I have a HTPC machine w/Windows 7 -- and use WMC, WMP, VLC player, etc.

I was surprised when I wanted to play some .mt2s files how relatively hard it was to play them in a way that the native HDMI audio was passed to my AVR to be decoded.

I found that PowerDVD 10.0 would do it - and it does with my video card -- but surprisingly it only supports about 5 different cards.

Has anyone else run into the snag of passing HDMI audio on a Windows HTPC/PC?

I naively thought that Windows Media Center/Player would handle it well.


----------



## looneybomber (Sep 20, 2006)

I use Total Media Theater and it plays my .mt2s files fine, along with the mkv's, avi's, etc... It also has a good GPU accelerator or whatever it's called, so even my 38GB file of Avatar doesn't cause my computer to even think of lagging.

If you find you have problems with PowerDVD, take a look at TMT.


----------



## rmalak (Apr 10, 2010)

I use TMT also, but only for blu-ray playback. Everything else is played through MPC-HC and ffdshow. I have never had any issues with .mt2s files with either program. I would stay away from PDVD if at all possible.


----------



## Zeitgeist (Apr 4, 2009)

rmalak said:


> I use TMT also, but only for blu-ray playback. Everything else is played through MPC-HC and ffdshow. I have never had any issues with .mt2s files with either program. I would stay away from PDVD if at all possible.

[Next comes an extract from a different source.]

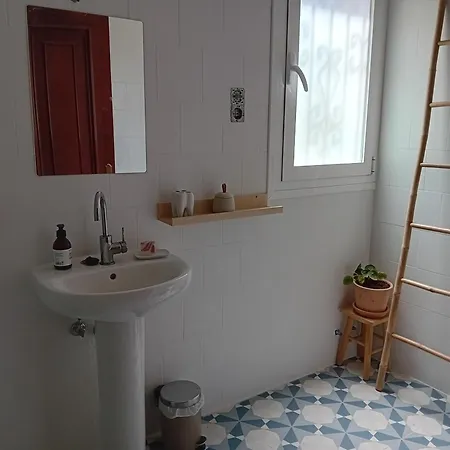 Holiday home Casa Olivo *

Thanks to both of you for recommendations of alternatives.

PDVD was not my first choice - as I think it's junk.... I just didn't see many programs out there that passed the HDMI through as multichannel.

VLC Player and WMP play mt2s perfectly fine - but it just downmixes the audio to stereo. I guess I would have thought that Windows Media Center would have had native support.

I'll have to check those apps out. Thanks!

ffdshow looks pretty promising...


----------



## rmalak (Apr 10, 2010)

Yeah ffdshow is awesome if you get one of the new copies. When paired with MPC-HC and setup it will bitstream all audio from your HTPC up to and including the new lossless formats. It's the fewest programs that I have found that will basically play anything.


----------



## Zeitgeist (Apr 4, 2009)

Cool - Thanks again.

I seriously under utilize my PC/HTPC.

Most of the time I'm using it for REQ or running Spectrum Lab to look at LFE waterfalls.


----------



## wbassett (Feb 8, 2007)

Mark me down as another Total Media Theater convertee!

I used to use PowerDVD but it was having trouble playing my HD DVDs and Blurays. When I bought my Hauppauge PVR 1212 it came with Total Media Extreme (which includes Total Media Theater) and TMT plays everything! It doesn't choke on HD DVDs or even the newest Blurays and it passes audio over HDMI just fine for me.


----------